_Assignment_.
Each entry needs to be retyped exactly.
The records START
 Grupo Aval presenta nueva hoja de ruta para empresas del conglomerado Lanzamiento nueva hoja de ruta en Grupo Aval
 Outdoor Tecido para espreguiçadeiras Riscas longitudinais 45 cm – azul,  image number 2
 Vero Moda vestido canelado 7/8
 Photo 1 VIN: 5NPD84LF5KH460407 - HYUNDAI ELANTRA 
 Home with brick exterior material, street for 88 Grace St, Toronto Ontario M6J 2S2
The records END
_Your response_.
 Grupo Aval presenta nueva hoja de ruta para empresas del conglomerado Lanzamiento nueva hoja de ruta en Grupo Aval
 Outdoor Tecido para espreguiçadeiras Riscas longitudinais 45 cm – azul,  image number 2
 Vero Moda vestido canelado 7/8
 Photo 1 VIN: 5NPD84LF5KH460407 - HYUNDAI ELANTRA 
 Home with brick exterior material, street for 88 Grace St, Toronto Ontario M6J 2S2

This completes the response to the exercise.